The Wayward Children books don't necessarily have to be read in order, since each features a different protagonist, but I highly recommend at least reading EVERY HEART A DOORWAY first because it sets the world and reality and introduces the characters of Eleanor West's Home for Wayward Children. Think about Dorothy when she returns from Oz, Alice when she comes back from Wonderland, the Pevensie siblings, who returned to Narnia on multiple occasions. Think about kids who go to amazing worlds and have incredible adventures. What happens when they return home? What happens when nobody believes them? Are they crazy? What if our world is no longer enough, but they can't return where they belong?
Eleanor West was herself a wayward child with adventures of her own. Her Door is closed to her now, but her adventures forever changed her. She has opened a school for children like herself. She tells parents that she will save their children. When the children come, however, they find a safe haven. They may never forget. They know they're not crazy. Among others who believe them, maybe they have a chance to move on and learn how to acclimate to the world they were born into. Very few every find their way back to the world they discovered again, but they all hope to.
The first book, EVERY HEART A DOORWAY, revolves around the school and the students in it. Different realities that they discovered are mentioned in passing. The first book is different in tone from the rest of the series. It is more of a mystery; students are being murdered and body parts are being taken to build...what? And why is it children who have been to other worlds?

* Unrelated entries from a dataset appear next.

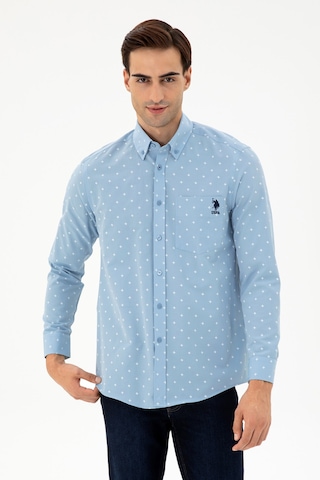 U.S. Polo Assn. Erkek Açık Mavi Regular Fit Cepli Gömlek 50296606-VR003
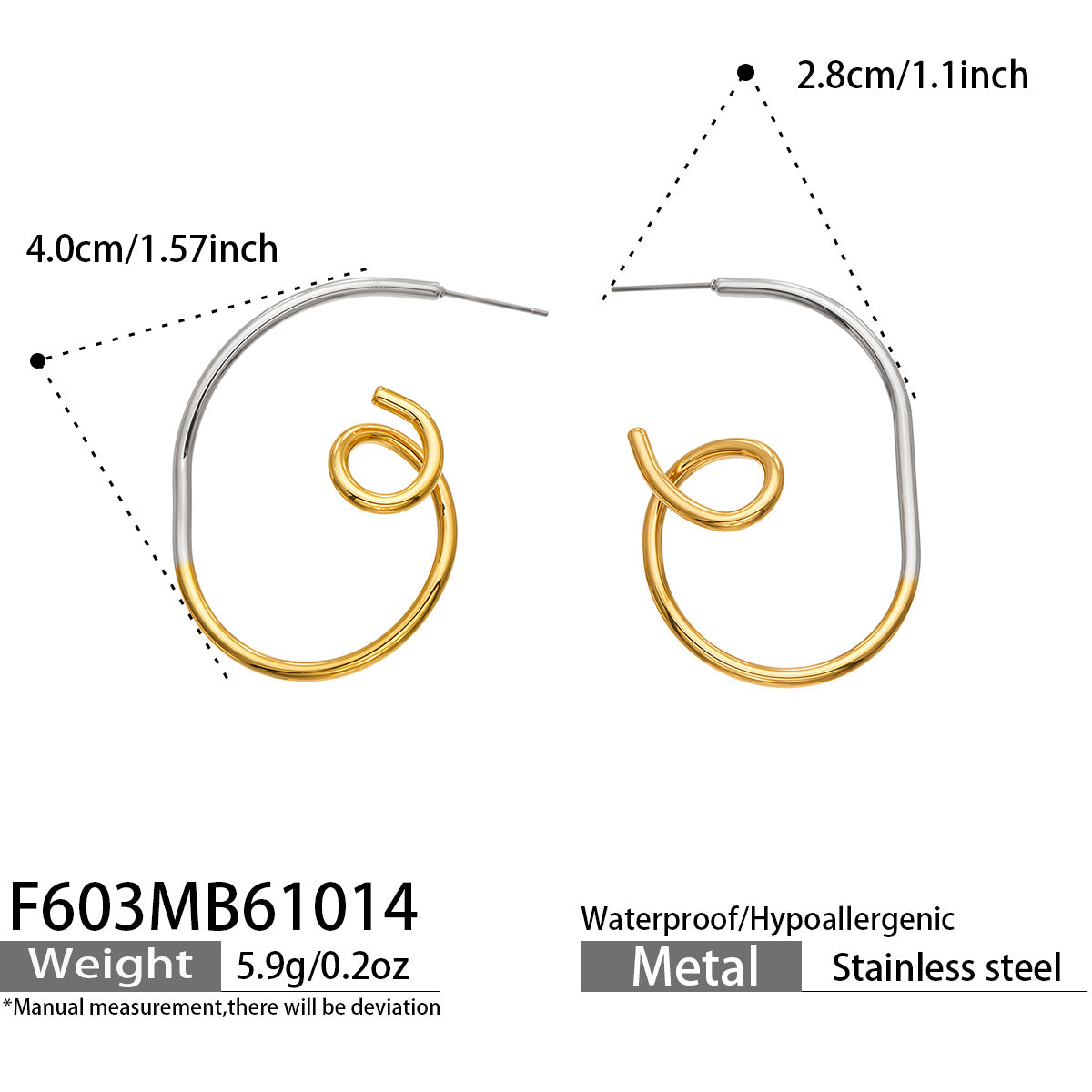 316L Stainless Steel 18K PVD Gold Spiral Hoop Earring made with 316L stainless steel and 18K PVD gold finish for wholesale jewelry buyers - image 10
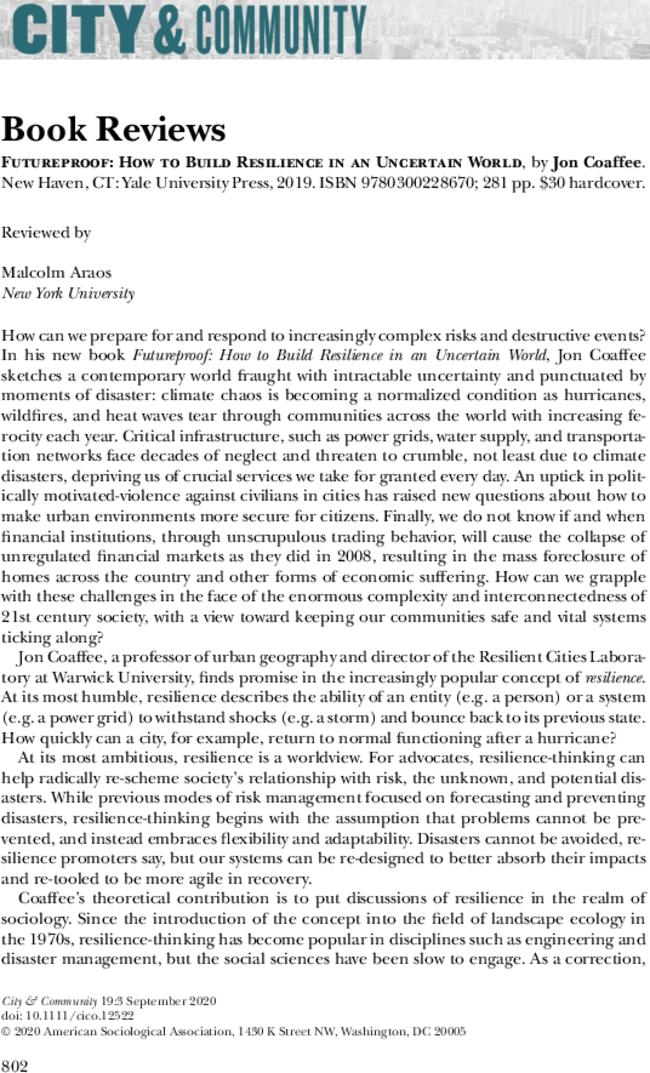 Extreme Cities: The Peril and Promise of Urban Life in the Age of Climate Change, by  Ashley Dawson. London and New York: Verso.  2017.  384 pp.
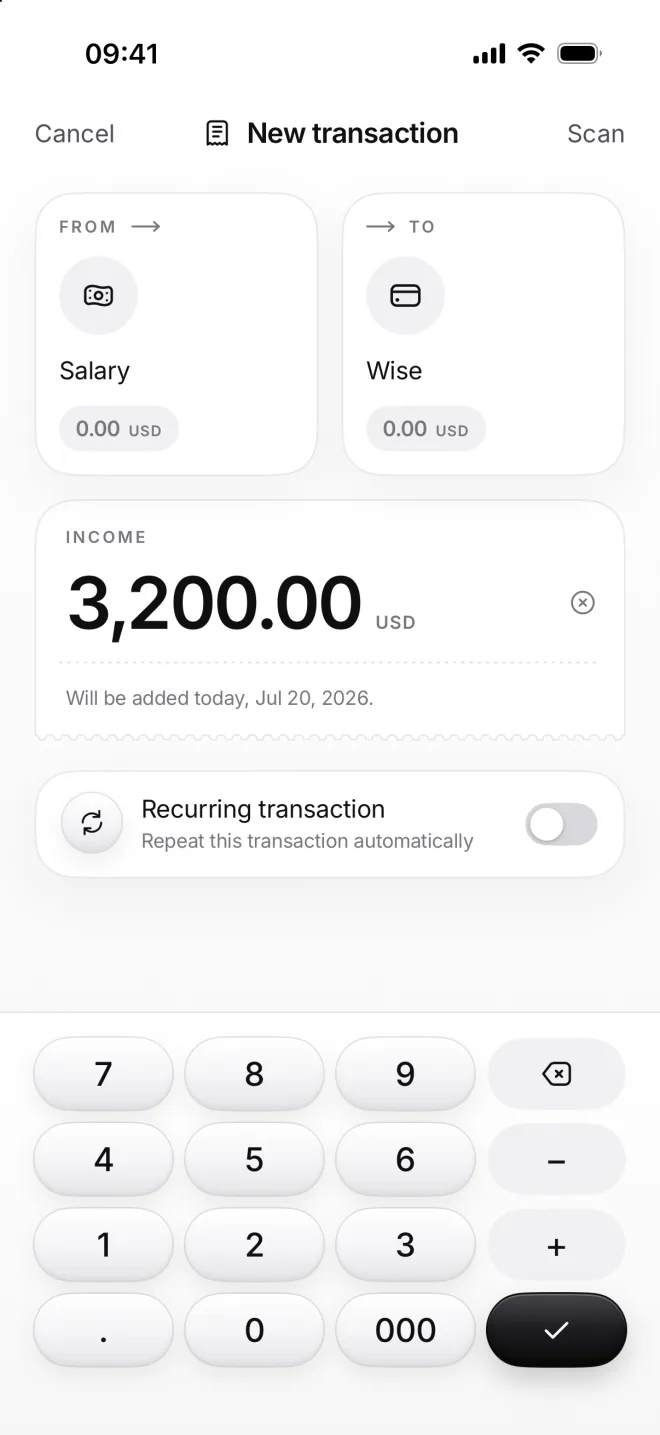 New transaction from Salary to Wise: income of 3,200.00 US dollars typed on moni’s calculator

And why is it the part of them most important to who they are?
The next book, DOWN AMONG THE STICKS AND BONES, is more of a prequel and follows twin sisters Jack and Jill as they discover the Moors, a dark, dangerous world very different from our own.
The third book, BENEATH THE SUGAR SKY, takes place after the first book and begins at the school and reintroduces us to a few students, then takes everyone on an adventure through multiple worlds--some of which are too spoilery to mention here--before winding up on an adventure in the realm of Confection. This book also reveals the origin of some alternate realities but again, it's spoilery to talk too much about it! That theme is mentioned a bit in the next book as well.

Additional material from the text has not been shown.